Monday, September 11, 2006

Pork Belly Futures

Pigs are smart, useful creatures, that also happen to be very tasty. Why pig meat is called pork is one of those questions that make you go hmmm. I once traumatised a friend by reading out loud the English part of a label from a tin of Greek Spam, "Pork Meat... Pork Meat... Pork Meat?!?". I just thought it sounded hysterically funny, but he thought I was being religious and hinting that it wasn't kosher - me, worry about kosher???? Not on your nelly! The question that leads on from this is "what the heck are pork belly futures"? Why are they always quoted on the stock exchanges through the world (except for certain obvious countries). Why should I care? All I know is they are incredibly rich and yummy and that's what I had for dinner last night.

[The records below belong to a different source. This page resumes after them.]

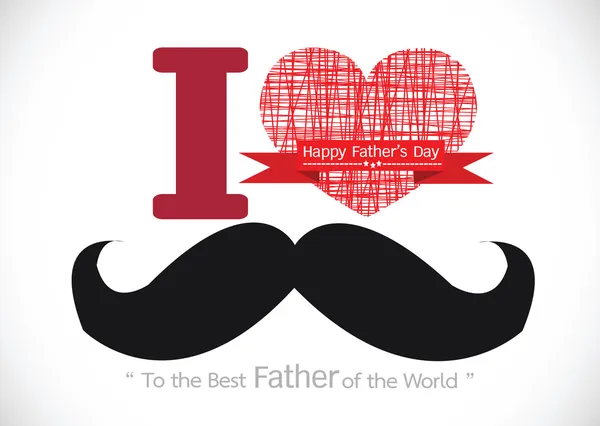 Cartão de Dia do Pai com bigode —  Vetores de Stock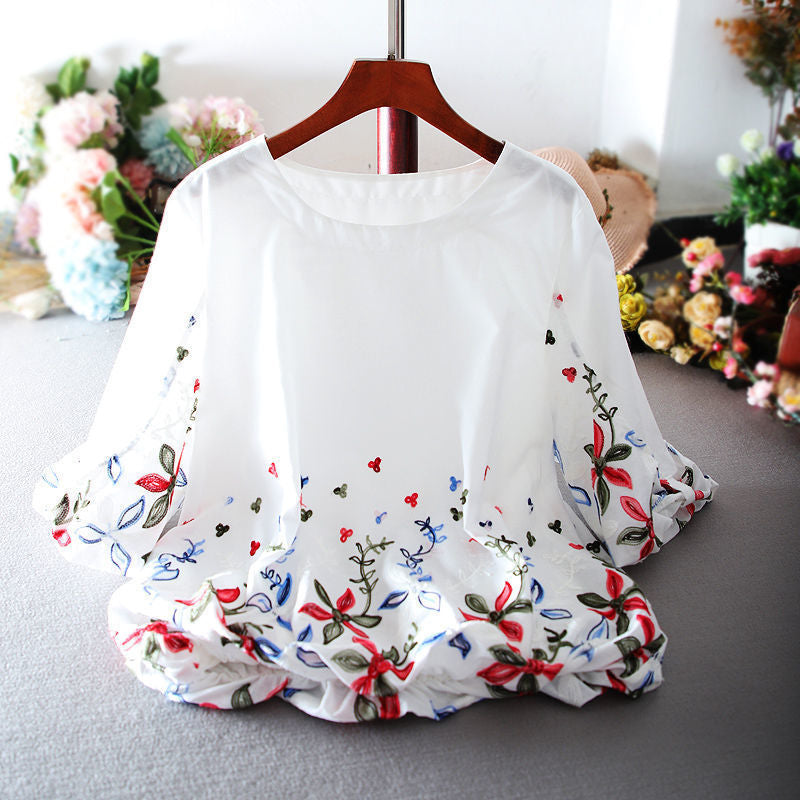 White Chiffon Blouse Short Sleeve Women Stripe Flower Print Top Loose Shirt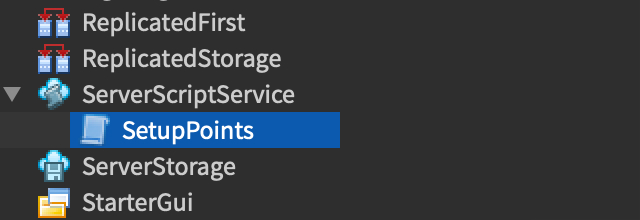 SetupPoints script in place in ServerScriptService in the Explorer window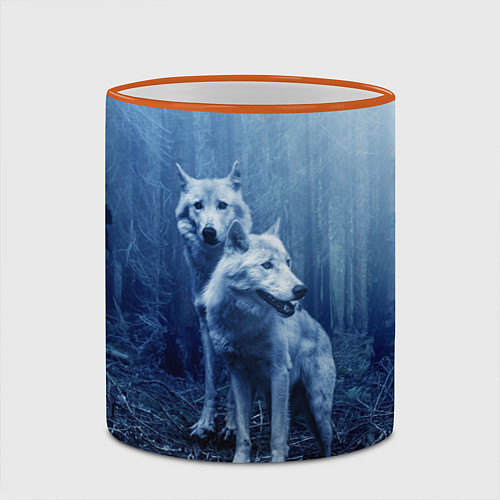 Кружка цветная Волки / 3D-Оранжевый кант – фото 2
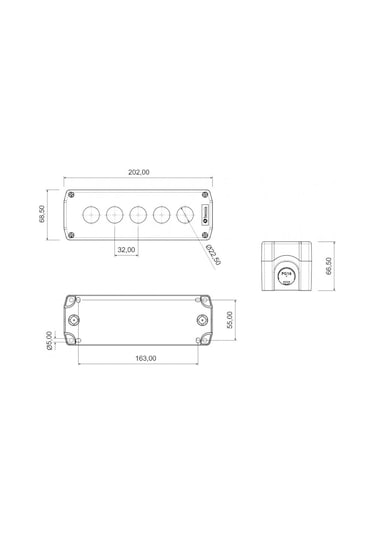Bemis IP44 Beşli Buton Kutusu BT3-5000-0002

Saturday's mission was to prepare the little bit of pork belly that I bought at Russian Store in the Carmel Market. It was still a bit bristly, so I turned on the gas and singed the skin really well - there is nothing worse than pork bristles - they are even worse than chicken feathers - yuck. Then it was rub-the-tummy time - scrubbing brush and knife under lots of running water - to get rid of any burnt bits of hair and icky stuff. Once that was done it was put, skin side down, into a pot of cold water that had star anise, cinnamon stick, bay leaves, cloves, garlic, whole dried bird chilis, and a piece of kombu. I slowly heated this up until it was barely simmering, never letting it come to a boil, and skimming as needed. This sat on the stove for about 2 hours, then I flipped it over and cooked it for another hour until it was tender and almost, but not quite, falling apart.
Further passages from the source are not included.